La rapporteure craint l'insincérité budgétaire du Gouvernement dans les crédits demandés pour les aides aux employeurs d'apprentis. Une nouvelle baisse du montant de l'aide ne pourrait que saper définitivement la confiance des entreprises dans le soutien public à l'apprentissage.
Après les réductions décidées en février 2025, et alors que les employeurs ont connu trois montants d'aides différents depuis 2023, le PLF 2026 devrait marquer un retour à la stabilité. C'est pourquoi, la commission a adopté un amendement de la rapporteure n° II-1274 visant à augmenter de 100 millions d'euros la ligne budgétaire dédiée.

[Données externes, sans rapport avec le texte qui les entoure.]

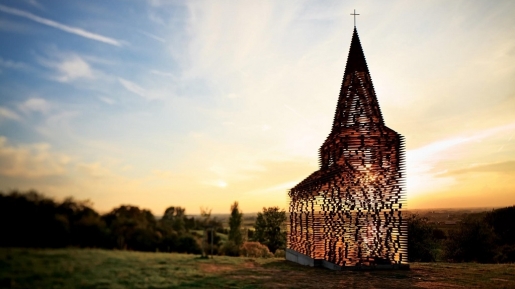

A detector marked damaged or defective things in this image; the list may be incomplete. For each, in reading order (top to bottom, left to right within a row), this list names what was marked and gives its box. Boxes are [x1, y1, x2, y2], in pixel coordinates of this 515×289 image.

rusty brown metal [288, 28, 406, 266]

Il reviendra au Gouvernement de s'appuyer sur les propositions d'économies budgétaires, formulées par la commission, pour garantir en 2026 la stabilité du montant des aides aux employeurs d'apprentis. L'amendement n° II-1275 précité vise ainsi à supprimer le volet national du plan d'investissement dans les compétences (PIC) dont le manque de lisibilité sur ses effets réels sur les entrées en formation et sur l'insertion, ainsi que la complexité de son pilotage budgétaire ont souvent été pointés par la commission et ont, une nouvelle fois, été mis en lumière par la Cour des comptes dans son évaluation de janvier 2025.
* 1 Évaluations préalables des articles du projet de loi de finances pour 2026.
* 2 Décret n° 2025-1031 du 31 octobre 2025.